Usually, he left detecting to the detectives. Police hate a vigilante. They hate them even more when they directly interfere in matters related to an investigation. Pocketing shell casings, or rummaging Santa for loot tended to make their brows crinkle and their heartburn flare.
Elliott eyed the kid from behind a tinted helmet visor. His eyes, in fact, his entire face, was hidden. The mask just made him seem a smiling fool. He still wore shoes, too. Steel toed boots. Hopefully, he wouldn’t be called upon to climb on any walls. Such was the price of anonymity in a mall and changing on short notice.
Was the kid scared? Scarred? Did he know what had happened? Santa was looking pretty rough.

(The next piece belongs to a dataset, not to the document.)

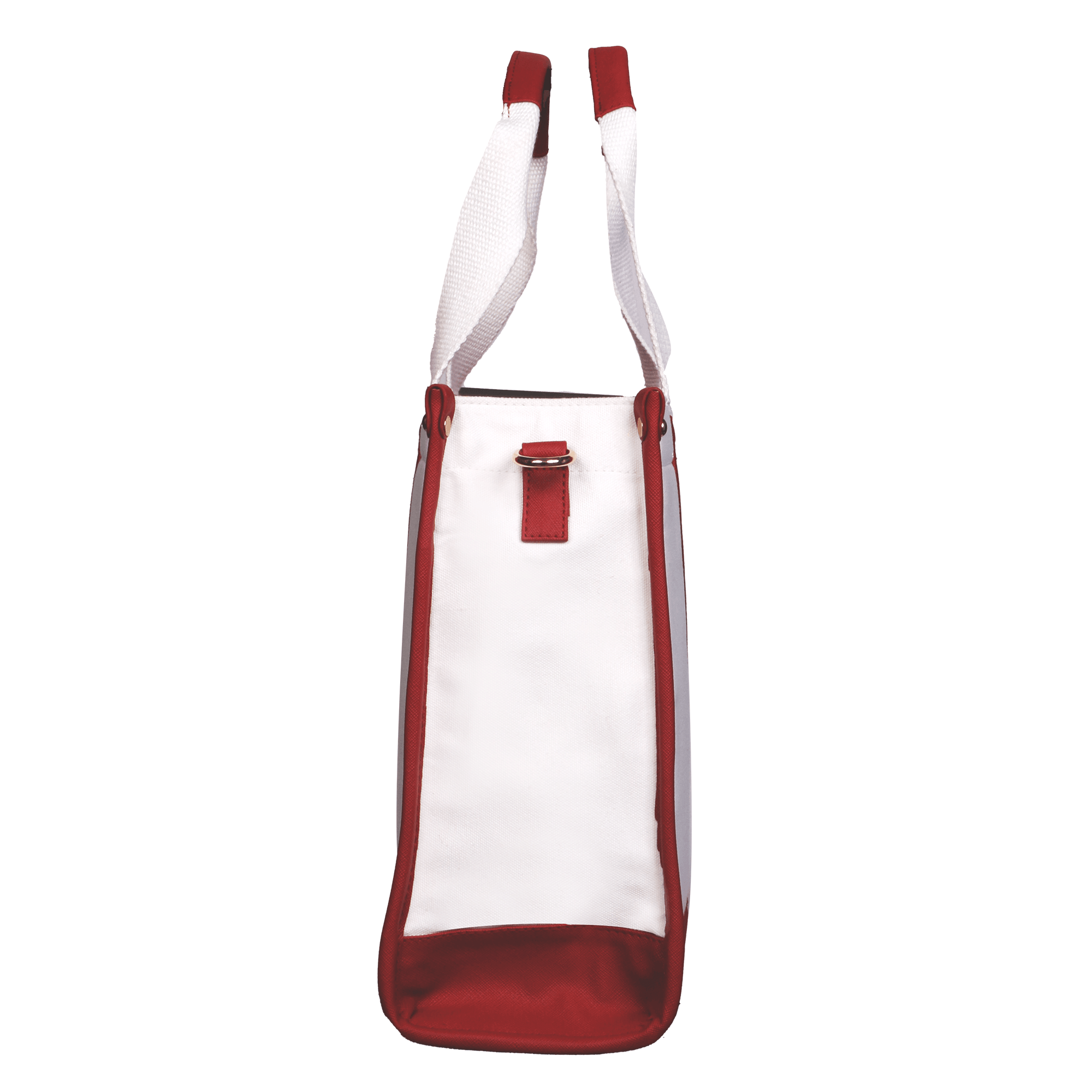 Everyday Women's Canvas Tote Bag for Laptops up to 14 Inches (White-Red) - OKAMI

The crowd moved around him, shifting, but Cheshire just stood a moment. Watching. From a distance of about 15-20 feet. Then, he stepped forward. Approached. And, the kid started to wail. He flopped,
Aaaaand Santa. Plopped.
Oy vey. Elliott paled the forehead of his helmet, and let the hand sliiide down the glass of the visor. This day, it was just going to be a disgusting pain wasn’t it? What? What else did 2020 have to offer, if not this? He was not sure what he had expected.
Here was hoping Kenzi got her niece out and off the scene. Because this, this had so not been what she had signed on for when she had agreed to show her sisters daughter Santa.
Here. A dead Santa. “And where is Tim Allen when you need him...” Cheshire grumbled. Louder, he shouted “Security!” Some elves cautiously, carefully, stepped forward. To— “Help with Santa. And call someone?”
To the kid, Cheshire said “I am so out of my depths here. If only you were a mugger, or an ax murderer. Look kid. Where are your parents?” Hopefully he hadn’t wet himself out of fear.
And how had Santa bit the bullet any way? He was no firearms expert but if it had been long range, the sound would have been... louder, would it not? He was just spitballing but it seemed to him a wound like that would likely have been a close range small caliber or— whatever. But— eh.
It just had not sunk in yet. For the moment, he focused on the kid while security elves did their work.
“On Dasher, on Dancer, on Prancer and Vixen! On Maya and Rudolph and Dinner and Nixon!” The little boy sang.
“Now, Donnie.” She patted his head, in the way parents do. Tenderly, lovingly. Reproachfully indulgent. “That isn’t how it goes. If you sing it that way, Santa is liable to explode.”
“Heh.” The little boy smirked to himself as he played with his stuffed bear. “Such a sight.”
Elliott stood behind his red headed girlfriend and her niece in the Frozen blue tutu and full-on product placement line. He hadn’t wanted to go out for the holidays. Especially not to visit Santa, something he really hadn’t ever done. But when Kenzi made that face, he just had to humor her and go with her to help out her busy sister with the niece unit. And the kid was okay. So, whatever. Unfortunately for him, it wasn’t just the two girls he stood behind.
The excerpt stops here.